Cloud to Edge: Benchmarking LLM Inference On Hardware-Accelerated Single-Board Computers
NPUs and GPUs on single-board computers can now run LLMs efficiently...
A new arXiv paper from researchers at the University of Greenwich proposes a multi-dimensional benchmarking methodology for evaluating large language model (LLM) inference on hardware-accelerated single-board computers (SBCs). The study tests four IoT-suitable edge platform configurations, including the Raspberry Pi 5 with Hailo-8 NPU and the NVIDIA Jetson Orin with GPU, measuring token throughput, power efficiency, and physical device size. The authors note that existing edge benchmarking efforts rely on CPU-only inference and lack coverage of genuine SBCs, leaving a gap for structured evaluation of NPU and GPU accelerators.

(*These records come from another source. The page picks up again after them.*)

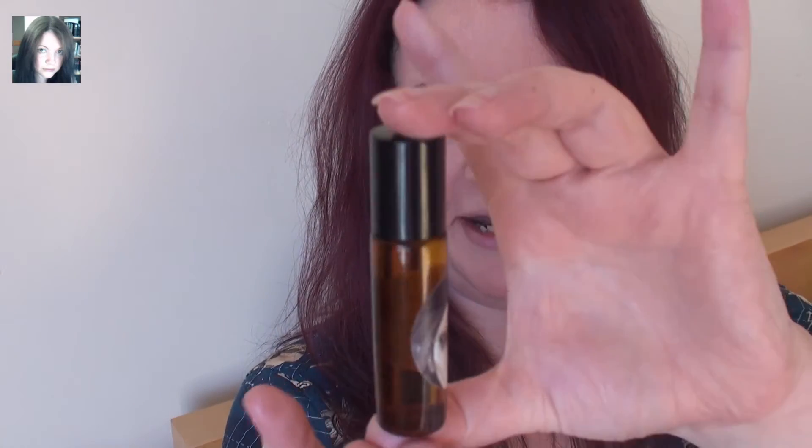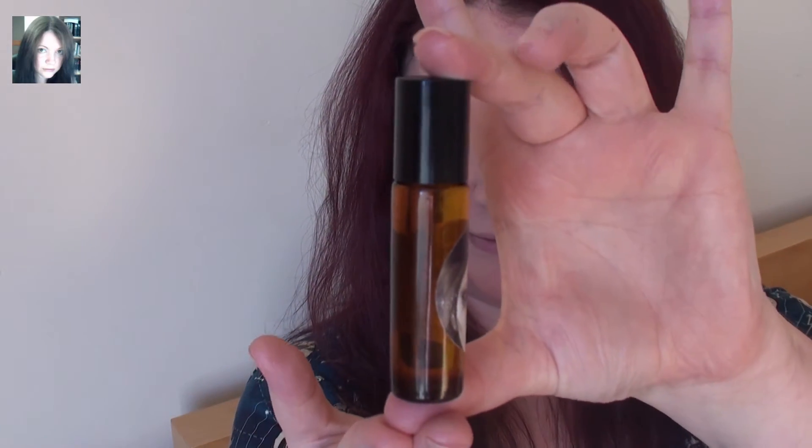So this is Temple of Witches, which is the first scent, and they come in a 10ml amber glass bottle with a rollerball application.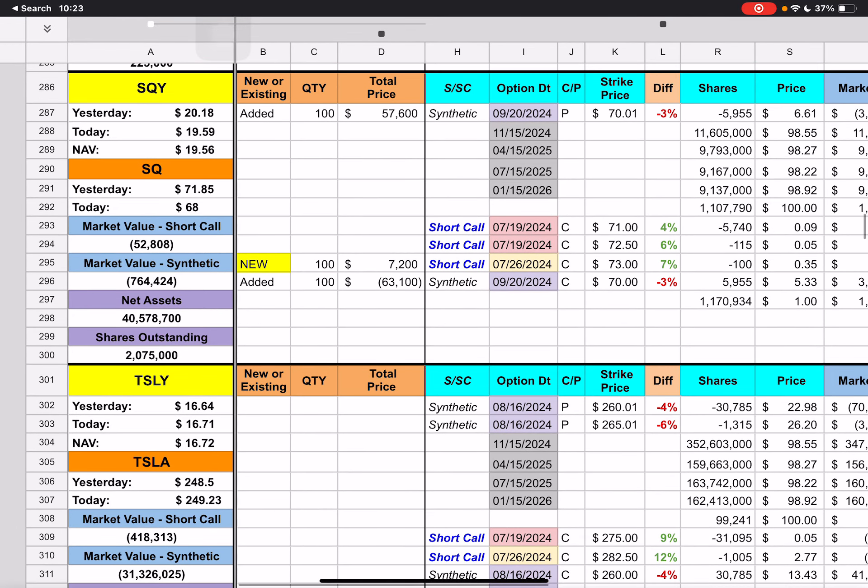ZOMO — we had 80 contracts. They added 80 to the synthetic and created a new short call for next week at the $122 strike price. Alright, well, tomorrow is Friday. We've had about a week or so of green days, then two extremely bad days, and we'll see how we close out tomorrow. I'll talk to you guys later. Bye.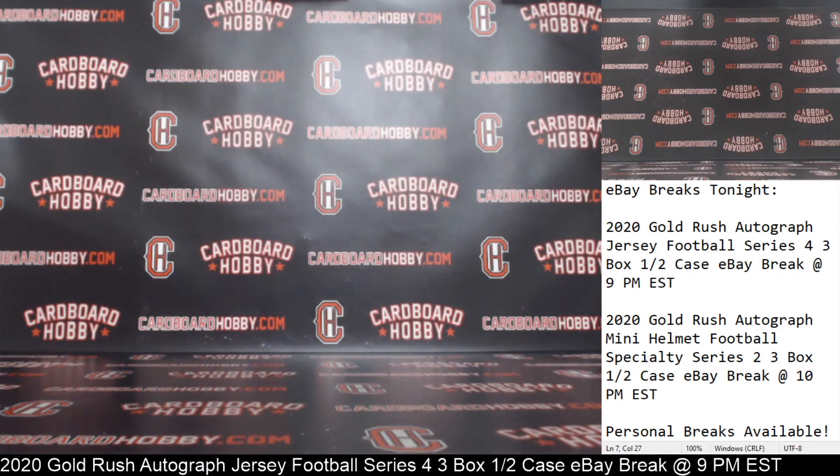Guys, I want to thank you so much for breaking, really do appreciate it. Sorry for the delay on this one. CardboardHobby.com, Dugan1640 on eBay. I'll be sticking around — we've got another break coming up at 10, mini helmets, guys. Thank you so much, really appreciate it. Please be smart, be safe out there.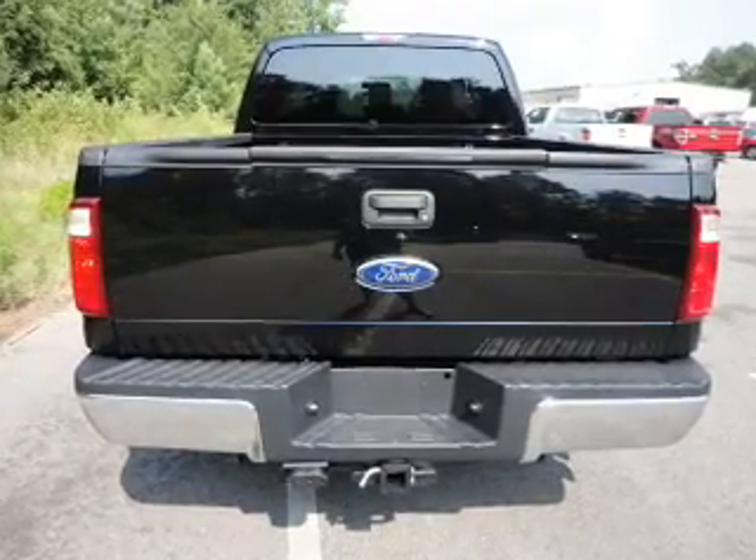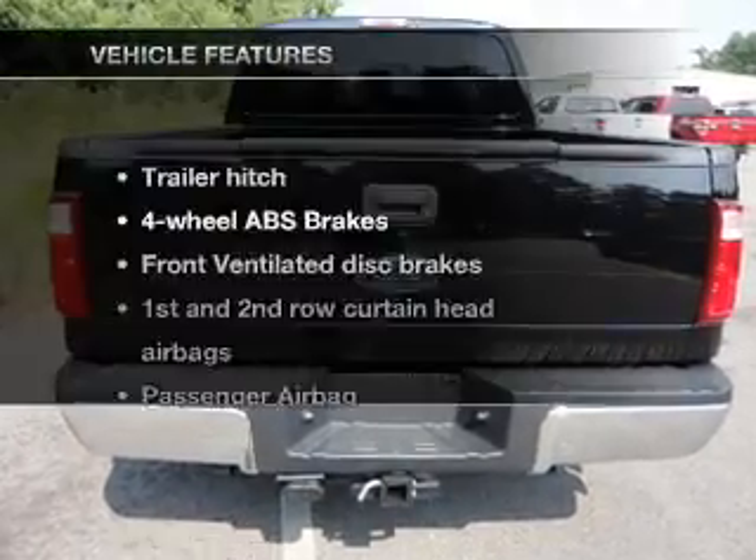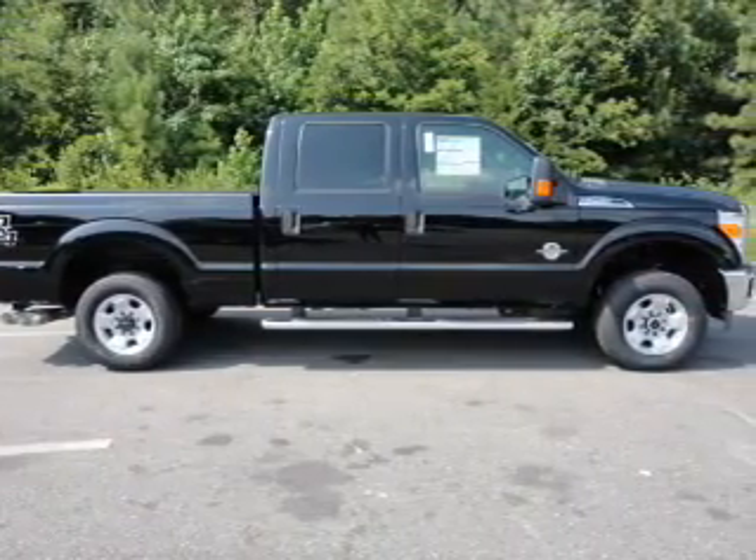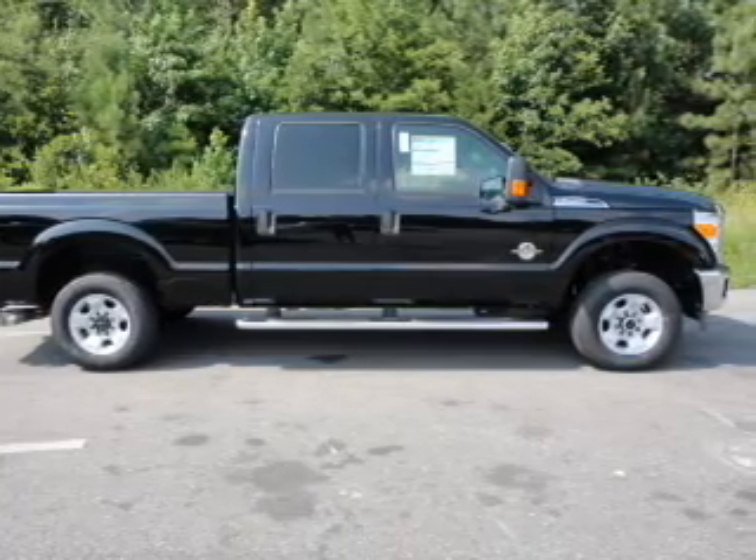Brake safely with the anti-lock braking system. Plus, enjoy these notable features that are included in this vehicle: power steering, an AM-FM stereo, and an adjustable tilt steering wheel.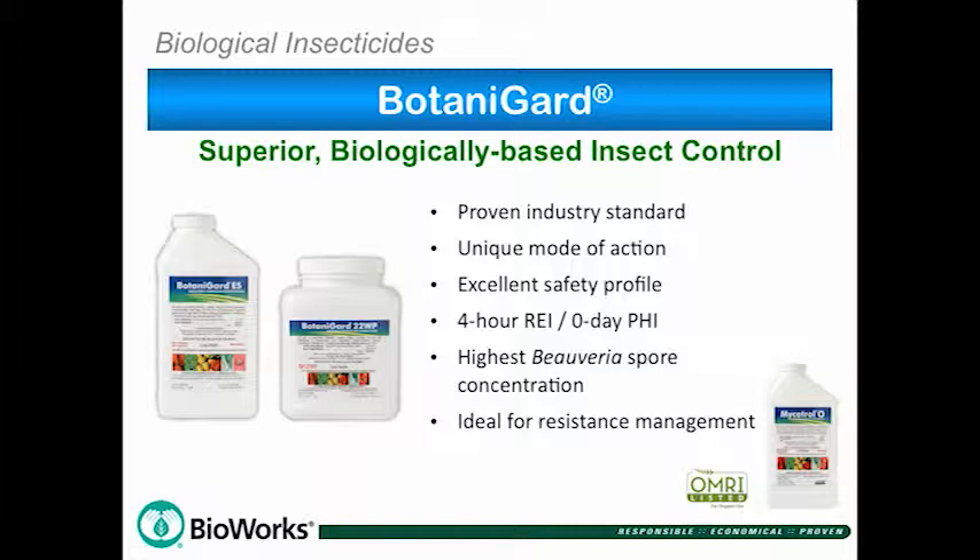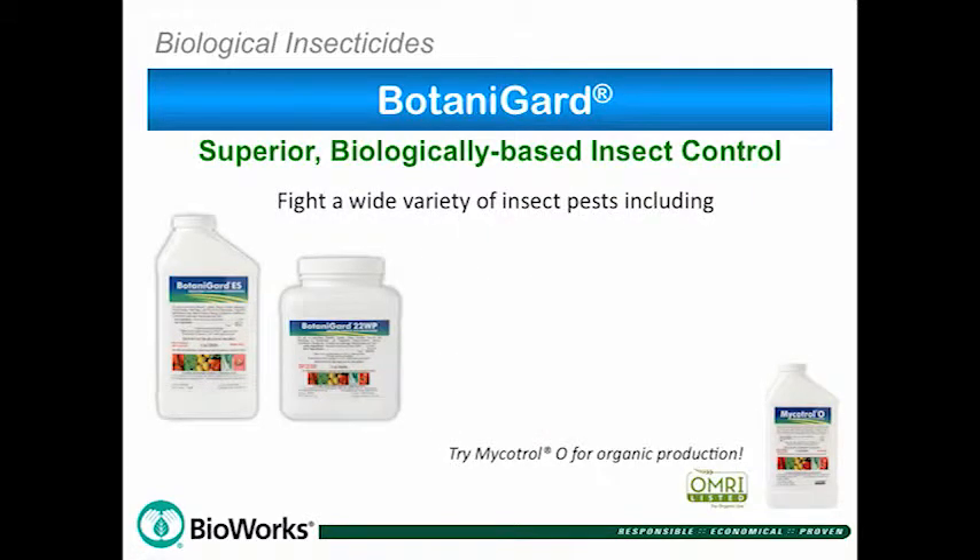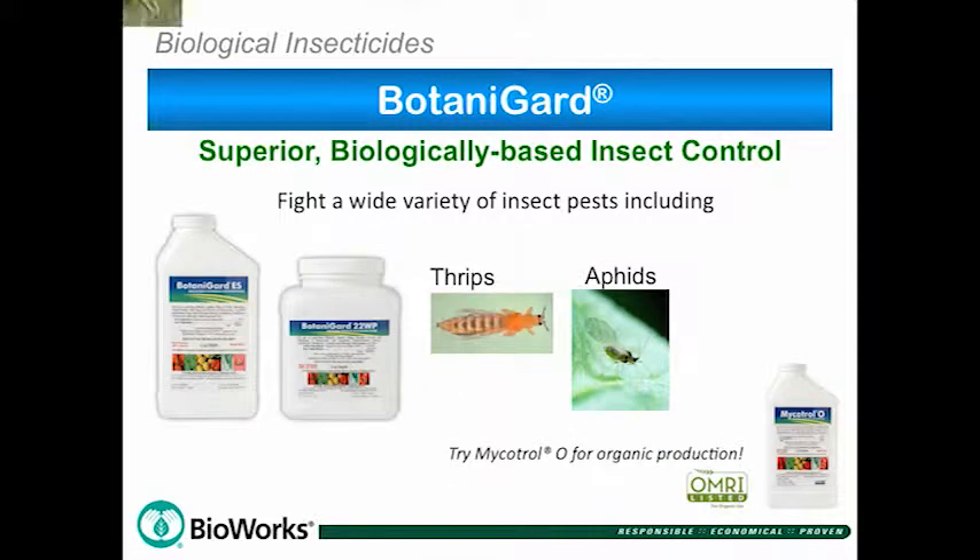Botanoguard's unique formulation includes the highest spore concentration of Beauveria bassiana. Available for organic production is Mycotrol O. Use Botanoguard for superior insect control and fight damaging pests including thrips, aphids, and whiteflies.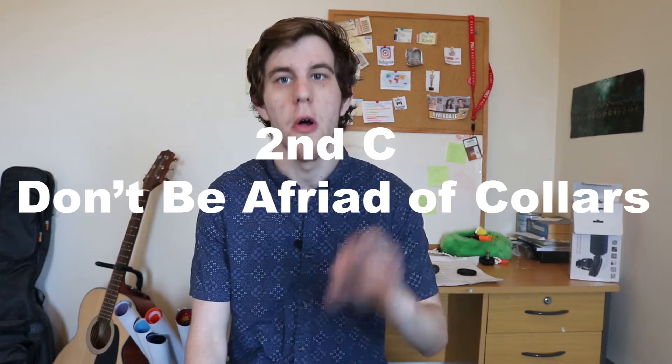The second C is don't be afraid of collared shirts. A lot of guys look at buttoning up a shirt as a chore when it really shouldn't be. You can wear them in two different ways: you can wear them buttoned up like I'm currently wearing in the shot, or you can layer it — I usually layer it on a white shirt, pop the collared shirt over it, leave it unbuttoned, and that immediately dresses up the outfit.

The results reveal that hardware accelerators like NPUs and GPUs provide substantial benefits over CPU-only setups, enabling practical LLM deployment in privacy-sensitive and connectivity-limited environments such as unmanned vehicles and portable ruggedized operations. The paper offers practical guidance for selecting optimal SBC-accelerator combinations, addressing challenges around data privacy, latency, and cost that are acute in operational technology and defence environments. This work highlights the growing feasibility of running capable LLMs at the edge, moving beyond traditional cloud-centric deployment.
- Benchmarked four SBC configurations including Raspberry Pi 5 with Hailo-8 NPU and Jetson Orin with GPU
- Multi-dimensional evaluation covers token throughput, power efficiency, and physical device size
- NPUs and GPUs significantly outperform CPU-only setups for LLM inference at the edge
Why It Matters
Enables private, low-latency LLM deployment on edge devices for defence and IoT applications.